Optionally, the first obtaining module 602 is further configured to:
determining a question condition word in the question to be processed;
the nodes of the knowledge graph are reference subject words and text titles, and the text titles connected with the target subject words are determined from the knowledge graph to serve as candidate text titles;
determining a text title including the question condition word as a target text title from the candidate text titles;
and acquiring a text corresponding to the target text title as the target text.
Optionally, the first obtaining module 602 is further configured to:
the knowledge graph comprises a storage address of a text corresponding to each text title, each storage address is connected with the corresponding text title, and the storage address connected with the target text title is determined as the storage address of the text corresponding to the target text title;
and acquiring the target text from the storage address.

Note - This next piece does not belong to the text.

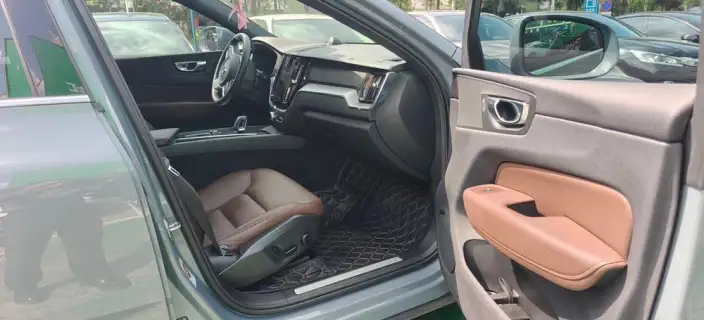 Volvo XC60 2022 Model B5 4WD Smart Range Deluxe Edition – фото 7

Optionally, the first obtaining module 602 is configured to:
the method comprises the steps of obtaining a problem to be processed, inputting the problem to be processed into a part-of-speech tagging model, and determining a part-of-speech tag of each word unit in the problem to be processed;
and determining a problem subject word in the problem to be processed based on the part-of-speech label of each word unit.

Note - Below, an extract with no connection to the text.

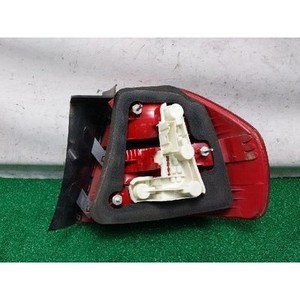 ไฟท้ายซ้ายมือสอง รุ่น 3 ซีรีส์ รหัส 693745730 - Product Image 3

Optionally, the first obtaining module 602 is configured to:
the part-of-speech tagging model comprises a coding unit, a gating circulation unit and a decoding unit, and the problem to be processed is input into the coding unit to obtain a word vector sequence of the problem to be processed;
inputting the word vector sequence into the gating circulation unit to obtain a problem vector sequence of the problem to be processed;
and inputting the question vector sequence into the decoding unit, and determining the part of speech label of each word unit.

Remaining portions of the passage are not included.